Bupati Magelang Zaenal Arifin, S.IP melalui Kepala Badan Pemberdayaan Masyarakat, Perempuan dan Keluaga Berencana Kabupaten Magelang saat menerima tim penilai Pelaksana Terbaik Posyandu Tingkat Jateng di desa nglumut, rabu (7/10) mengatakan saat ini jumlah POSYANDU di Kabupaten Magelang telah mencapai 2.345 buah, yang terdiri dari POSYANDU strata Pratama berjumlah 162  buah (6,9 %), POSYANDU Madya 575 (24,52 %), POSYANDU Purnama 900 (38,37 %)  dan POSYANDU Mandiri 708 buah (30,19 %). Keseluruhan kader POSYANDU di Kabupaten Magelang, saat ini tercatat berjumlah 10.530 orang dengan kader aktif sebanyak 90%-nya atau sebanyak 9.477 orang.
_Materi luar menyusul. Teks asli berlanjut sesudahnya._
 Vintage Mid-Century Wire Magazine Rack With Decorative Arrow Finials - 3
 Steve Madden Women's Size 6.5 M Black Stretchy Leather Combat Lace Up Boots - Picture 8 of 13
Zaenal mengungkapkan untuk pengembangan POSYANDU di Kabupaten Magelang, telah disalurkan dana revitalisasi POSYANDU ke seluruh desa di Kabupaten Magelang yang dilanjutkan dengan pembinaan Tim Kelompok Kerja Operasional Posyandu (Pokjanal POSYANDU) di tingkat Kecamatan, dan pembinaan POSYANDU Pratama dan Madya, sehingga strata-nya meningkat menjadi lebih baik. Selanjutnya pengembangan POSYANDU lebih ditujukan untuk menjadi POSYANDU Model. Selain itu Zenal juga menjelaskan dalam rangka meningkatkan kualitas pelayanan POSYANDU, perlu upaya peningkatan fungsi dan kinerja dengan mengintegrasikan POSYANDU bersama kegiatan-kegiatan kemasyarakatan lainnya yang telah ada seperti Pendidikan Anak Usia Dini (PAUD), Bina Keluarga Balita (BKB), Taman Pendidikan Al-Quran (TPQ) dan kegiatan lainnya sehingga hasilnya bisa lebih efektif dan efisien. Melalui kerja sama dan peran serta masyarakat yang harmonis selama ini, peran POSYANDU di Kabupaten Magelang amat terasa dalam rangka peningkatan status gizi ibu hamil dan Balita, penurunan Angka Kematian Ibu dan Bayi, serta dalam meningkatkan derajat kesehatan masyarakat, ujarnya

Ketua Posyandu Ananda Hendi Prayitno mengatakan posyandu berdiri sejak 1 Juli 1990 dengan kader 9 orang, sebelumnya meraih prestasi juara 1 lomba posyandu tingkat kecamatan, juara 1 posyandu tingkat kabupaten. Selain itu menurut Hendi, posyandu ananda pernah meraih prestasi sebagai juara 1 balita sehat tingkat kecamatan, juara 2 Bina Keluarga Balita (BKB) tingkat kabupaten, juara 3 Bina Keluarga Remaja (BKR) tingkat kabupaten. Posyandu “Ananda” ini telah melakukan integrasi dengan PAUD dan Bina Keluarga Balita sejak tahun 2011, tambahnya lagi
Menurut ketua Tim Penilai Lomba Pelaksana Terbaik Posyandu Tingkat Provinsi Jateng Ali Yahya Spd, MPD pemilihan yang diadakan hari ini akan memperoleh hasil yang terbaik yang nantinya akan dapat menempatkan dan memperoleh prestasi tinggi di tingkat nasional. Selain Kabupaten Magelang, tim yang dipimpinnya melakukan kunjungan ke posyandu Kabupaten Pekalongan, Wonogiri, Blora, Purbalingga dan Kabupaten Tegal. Kegiatan ini mempunyai maksud mendorong dan meningkatkan motivasi, kinerja dan semangat kader, pengelola dan pembina posyandu dalam mengembangkan dan memberikan pelayanan kesehatan dasar kepada masyarakat melalui pendekatan promotif dan prefentif kesehatan sejak dini
Pos Pelayanan Terpadu (POSYANDU) merupakan salah satu bentuk upaya pemberdayaan masyarakat yang di kelola dan diselenggarakan dari, oleh dan untuk masyarakat dalam penyelenggaraan pembangunan untuk memberdayakan dan memberikan kemudahan kepada masyarakat dalam memperoleh pelayanan kesehatan dasar. Keberadaan POSYANDU di lapis masyarakat tingkat paling bawah, terutama ditujukan untuk membangun dan meningkatkan derajat kesehatan masyarakat serta menjaga kehidupan bermasyarakat yang lebih berkualitas. Masyarakat diharapkan lebih kreatif dalam membangun dan memanfaatkan POSYANDU sebagai lembaga yang dapat menguatkan tali silaturahim antar sesama warga masyarakat tanpa membedakan status sosialnya, sehingga semangat kebersamaan dan semangat kekeluargaan bisa semakin kuat, yang pada akhirnya akan banyak persoalan sosial kemasyarakatan yang dapat ditangani secara mandiri oleh masyarakat.